At long last Memorial Day has arrived. The Unofficial Kickoff (Tipoff or Ceremonial First Pitch, if you prefer a different sports cliché) of grilling season. Well, we grill all year, it’s not unusual for us to scoop the snow away from grill and throw on a few steaks. But, for most people, this is the opening ceremony (sorry, once you start these sports metaphors it’s like eating peanuts, you just can’t stop).

Now you’re going to want to head to the store.
Grab a bag of charcoal right away. I know you forgot to check to see if you had any, and you don’t want to admit to that oversight when you are getting ready for the savory, sweet, smoky goodness of grilled pork. Grab a can of lighter fluid too, nothing worse than a pile of briquettes mocking you while you throw one match after another onto the smug, flameless mound of black rocks.
Of course, you’ll need beer. Memorial Day barbecue without beer, get real. Sometimes I wonder if you’re even an American. To be safe buy something imported, maybe from Mexico, or Jamaica, they know how to brew beer for hot weekends.
OK, now we move onto the meat section of the supermarket.
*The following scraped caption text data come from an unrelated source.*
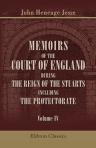 Memoirs of the Court of England during the Reign of the Stuarts, Including the Protectorate. Volume 4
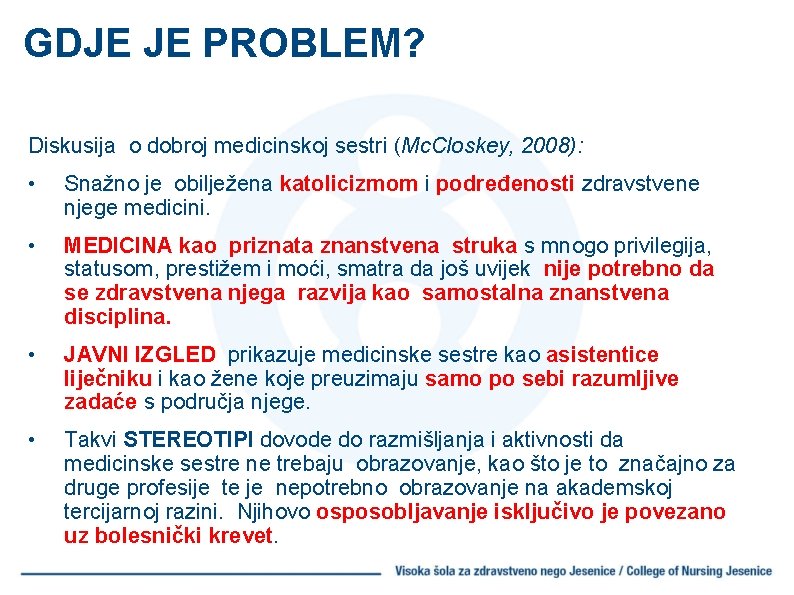 GDJE JE PROBLEM? Diskusija o dobroj medicinskoj sestri (Mc. Closkey, 2008): • Snažno je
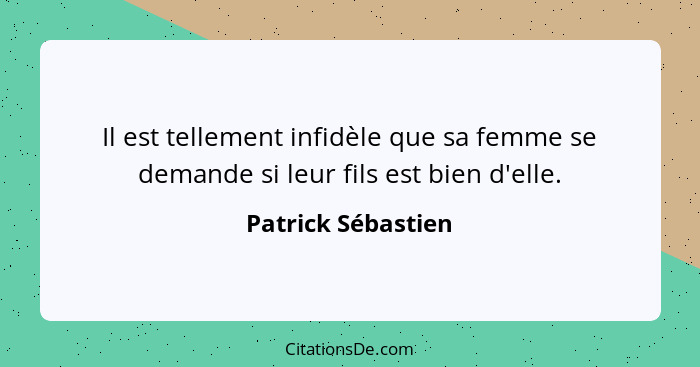 Il est tellement infidèle que sa femme se demande si leur fils est bien d'elle.... - Patrick Sébastien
It’s easy to find, racks and racks of coolers tended by serious, unsmiling men using razor-sharp knives to dissect cattle and pigs into saleable slabs of a size appropriate for a barbecue grill. Either that or they unload boxes of packaged meat into miles of electric coolers, I’m not sure what they do, and I don’t ask, these are the sternest, most serious employees in a grocery store. Unless you count the customer service counter. If you’re too sullen and uncommunicative to be a butcher they make you a customer service representative.
Ok, you found your way to the “meat department.” Next you have to find the refrigerator with the ribs.
It’s empty, picked clean, it almost looks new.
Oh well, steaks would be good too. Wait, there are no steaks either, gone, all of them.
Maybe you could throw a few burgers on the grill, but there is no hamburger, it’s empty. Chicken, wiped out. Bratwurst, gone. Fish, gone. It’s all gone. This is how the sack of Rome had to look.
The whole place is filled with the low buzz of refrigeration casting around, looking for something to cool. Everywhere you look there are people pushing a cart from one void to the next, peering into the abyss, soft moans drift across the bleak, empty refrigerators, tears drip and cool, little puffs of steam rise from the emptiness. At some point they just wander away from their carts, leaving them between where the shrimp used to be and where the pork chops were. Everybody was going to throw something on the grill.
I look at the listless people drifting silently, sadly to their cars, they will try Kroger, Giant Eagle, Meijer, Walmart, Target, Fresh Thyme, everywhere. Eventually, they will end up at Speedway, or BP or Conoco and buy some hotdogs off the rotisserie thing, take them home and sit on the patio and take part in the most American of traditions, the picnic.
Frisbees will soar gently, gracefully, sprinklers will be run through, and sunburns, mosquito bites and beestings will pop up all over. Tables will be filled with containers of store-brand cottage cheese and deli counter potato salad. Flags will still fly and parties, large and small will still happen. And for a weekend I can see hope for a brighter future. Sometimes humanity surprises me.